Source material
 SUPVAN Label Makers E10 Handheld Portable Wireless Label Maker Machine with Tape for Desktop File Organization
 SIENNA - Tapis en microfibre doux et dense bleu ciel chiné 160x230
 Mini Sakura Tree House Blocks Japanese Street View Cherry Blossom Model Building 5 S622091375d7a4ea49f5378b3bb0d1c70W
---
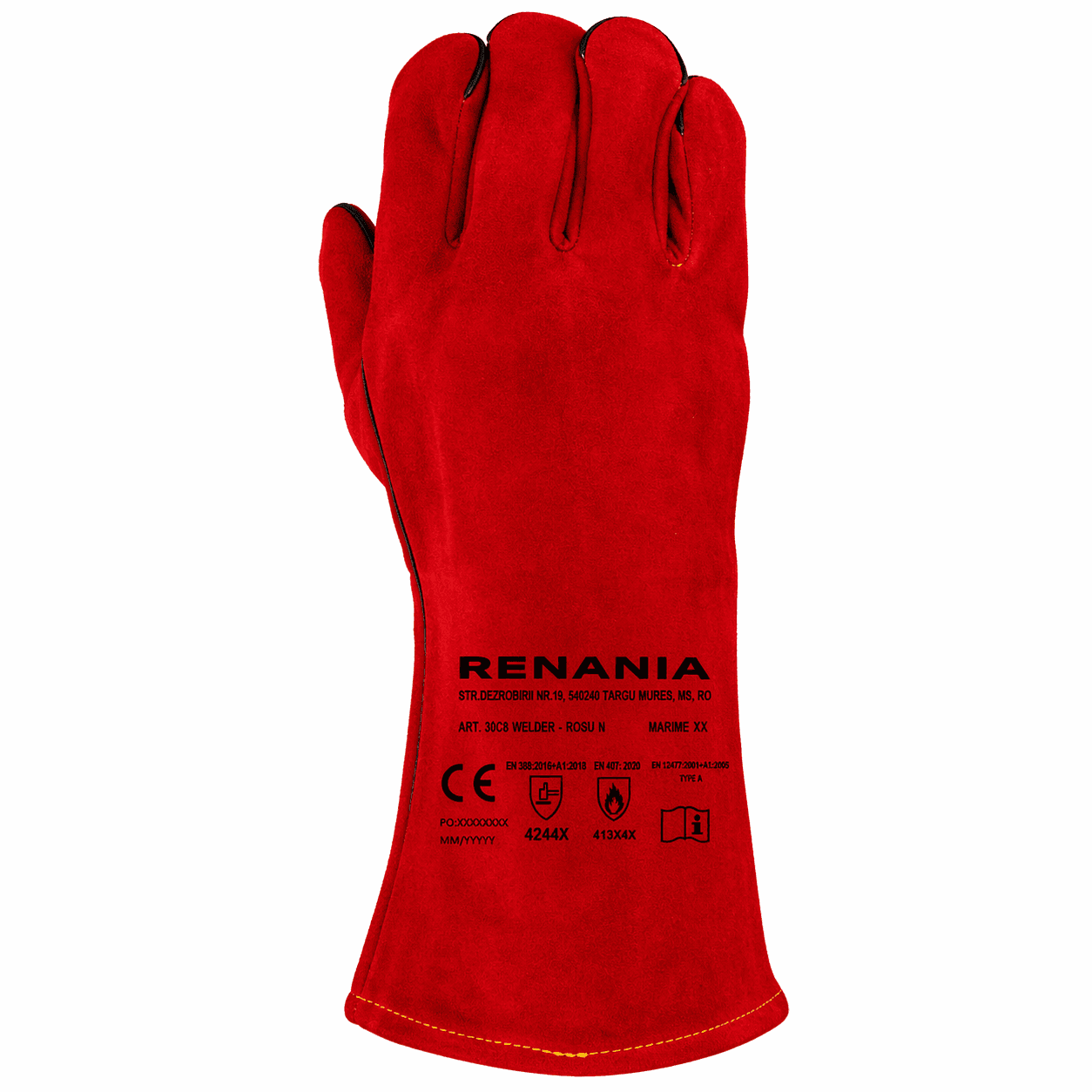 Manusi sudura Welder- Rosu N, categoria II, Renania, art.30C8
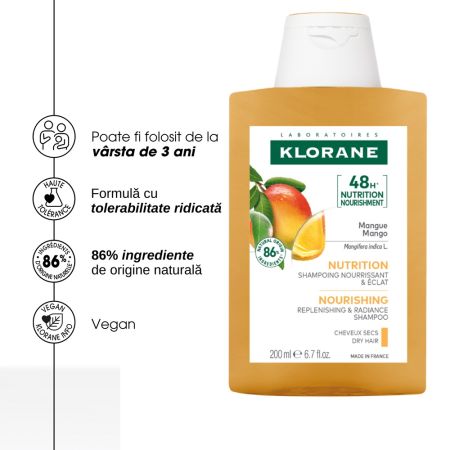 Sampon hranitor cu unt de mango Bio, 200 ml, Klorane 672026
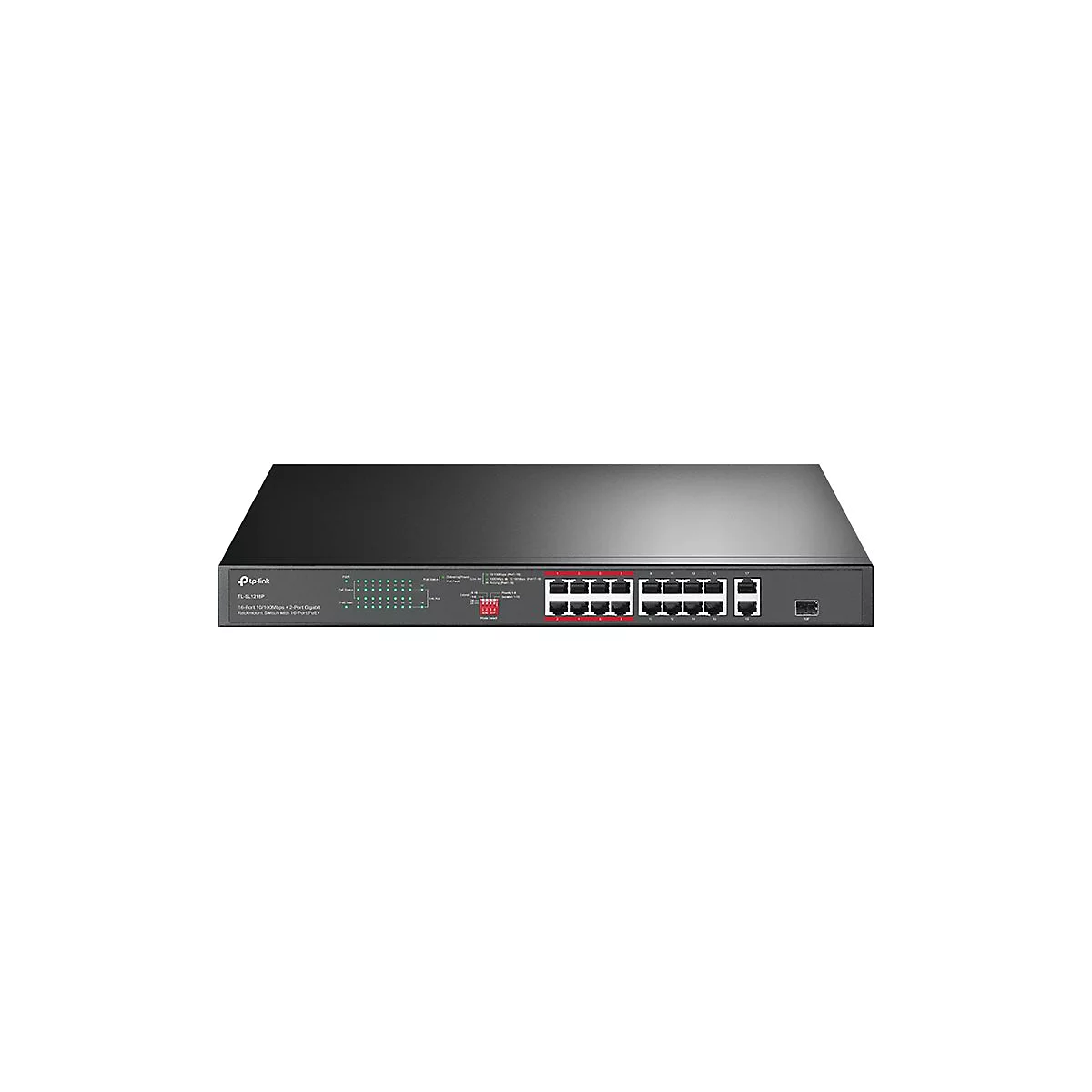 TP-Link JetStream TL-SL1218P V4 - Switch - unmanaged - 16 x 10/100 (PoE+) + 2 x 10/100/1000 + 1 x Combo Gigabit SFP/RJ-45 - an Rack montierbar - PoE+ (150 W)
...
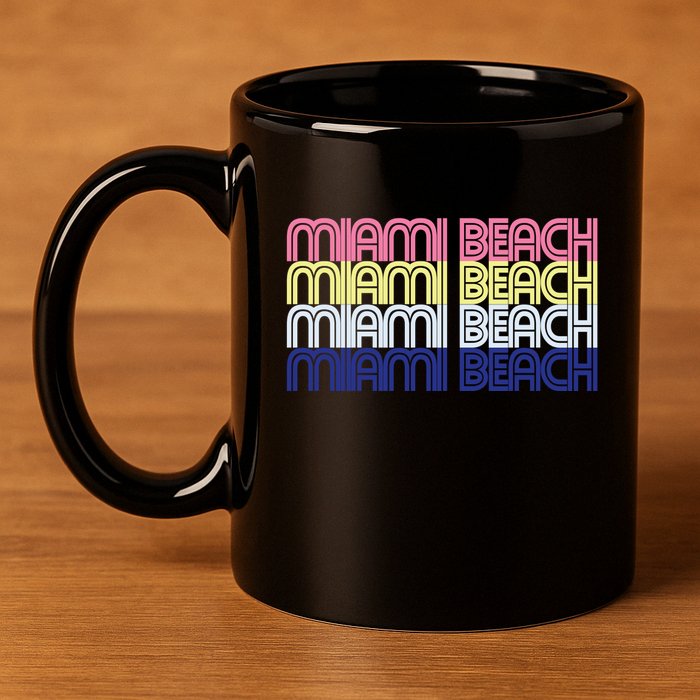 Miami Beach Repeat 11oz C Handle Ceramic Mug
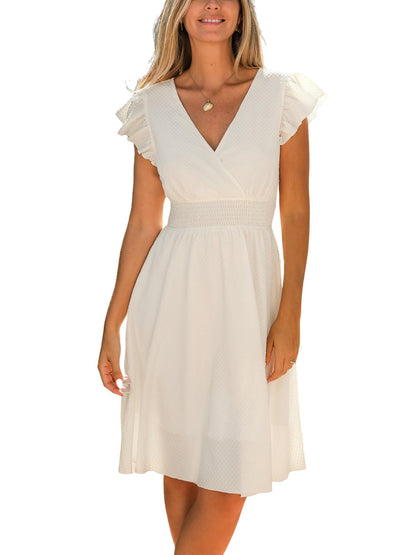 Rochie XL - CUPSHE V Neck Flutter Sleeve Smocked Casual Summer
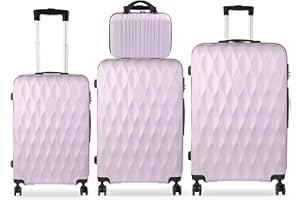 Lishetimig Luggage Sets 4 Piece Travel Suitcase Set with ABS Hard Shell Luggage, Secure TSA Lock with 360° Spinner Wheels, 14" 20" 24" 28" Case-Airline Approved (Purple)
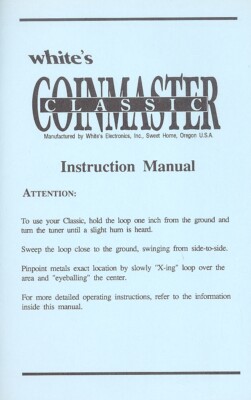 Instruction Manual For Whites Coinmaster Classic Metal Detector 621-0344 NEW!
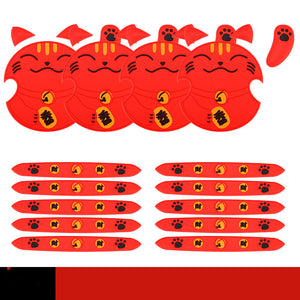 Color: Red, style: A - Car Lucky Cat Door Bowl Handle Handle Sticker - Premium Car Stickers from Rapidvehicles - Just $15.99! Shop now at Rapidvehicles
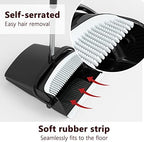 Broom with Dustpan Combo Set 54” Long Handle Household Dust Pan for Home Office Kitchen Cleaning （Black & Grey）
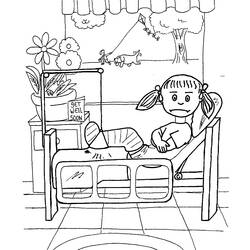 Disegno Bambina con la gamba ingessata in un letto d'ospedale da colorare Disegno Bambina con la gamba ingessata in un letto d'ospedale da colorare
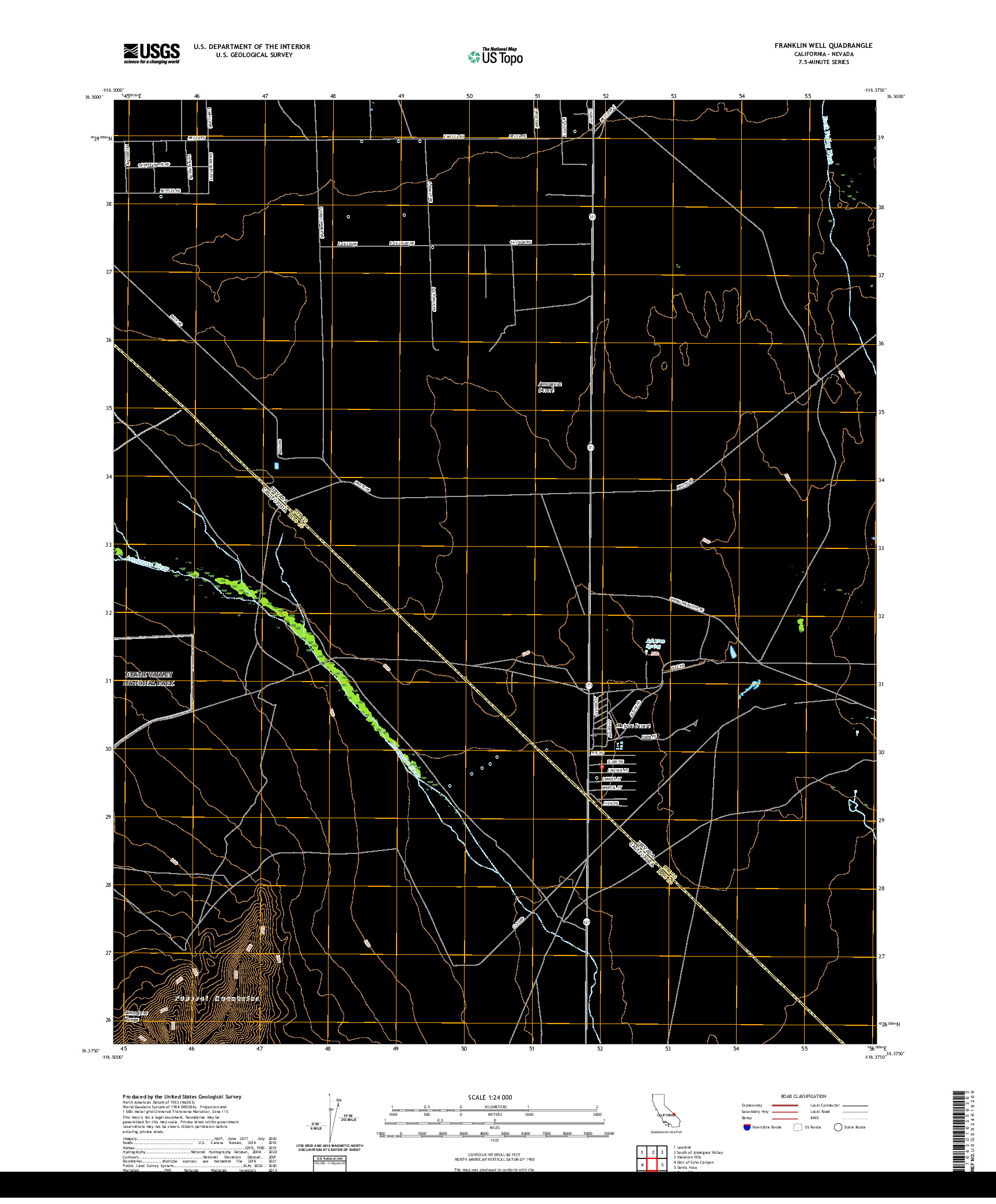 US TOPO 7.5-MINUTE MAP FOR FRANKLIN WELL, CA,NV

The task
Nothing but the lines from the one with "Manusi sudura Welder- Rosu" up to and including the one with "TP-Link JetStream TL-SL1218P" should be printed, exactly as they read above. Please keep the pictures out.

Response area
 Manusi sudura Welder- Rosu N, categoria II, Renania, art.30C8
 Sampon hranitor cu unt de mango Bio, 200 ml, Klorane 672026
 TP-Link JetStream TL-SL1218P V4 - Switch - unmanaged - 16 x 10/100 (PoE+) + 2 x 10/100/1000 + 1 x Combo Gigabit SFP/RJ-45 - an Rack montierbar - PoE+ (150 W)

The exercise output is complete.